5

I have a collection in MongoDB with 800M+ records. I wanted to do some cleanup, but the remove operation is really really (unusably) slow - even deleting 1000 records can take 10+ minutes.

The structure of one record in the collection is something like this:

{
     'stID' : '00000001',
     'recordID' : '28-4',
     'date' : ISODate('2017-06-06 20:00:00'),
     ......
}

There is a compound index on {'stID' : 1, 'recordID' : 1, 'date' : 1} and my delete query is like this: db.coll.remove({ 'stID' : '00000001', 'recordID' : '28-4' }, { multi: true });

The database is part of a replicaSet, with one secondary and one arbiter, and I do understand that the delete operation has to fill the oplog with the _ids of each record to delete, but still I find it hard to understand why this could be so slow, especially since:

  • there is no considerable system or IO activity on the primary or the secondary
  • the secondary is not lagging behind the primary

We have never experienced problems with find or write/update operations. Can you suggest what other parameters/commands/tools should I use to see what is going on with the query and the servers.

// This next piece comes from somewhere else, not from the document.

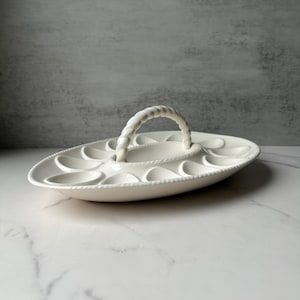 May include: A white ceramic egg serving platter with a woven handle. The oval-shaped dish has multiple egg-shaped indentations around the edge and a central section. The handle is a thick, braided design.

The storage engine we use is WiredTiger. The server has 128GB of RAM and fast SSD drives in a RAID 1 configuration.

4
  • What is your MongoDB version?
    – kevinadi
    Commented Jun 28, 2017 at 23:56
  • Would you be able to share a log message for one of the remove operations (docs.mongodb.com/manual/reference/log-messages). The log messages for slow operations typically contain a good deal of information about how an operation was was performed. Commented Jun 29, 2017 at 0:20
  • What does explain output say? Have you examined?
    – harshavmb
    Commented Jun 29, 2017 at 5:06
  • Please, copy here what command db.coll.remove({ 'stID' : '00000001', 'recordID' : '28-4' }, { multi: true }).explain() says, maybe then we managed to give answer to your question.
    – JJussi
    Commented Jul 4, 2017 at 4:09

2 Answers 2

1

I've had improved performance by using bulkWrite:

db.ig_posts.bulkWrite([
   { deleteMany: { "filter": { /* your query here */ } }
]);
1

Partition one of your index into groups such that each group contains no more than 10,000 records. For example if you have 2,000 records in each hour, create a list (or two) similar to the following:

["2021-04-30T00:00:00Z", "2021-04-30T01:00:00Z", "2021-04-30T02:00:00Z", ...]

Run a for loop to remove the records in each hour.

I was able to remove about 10M records in 10 minutes.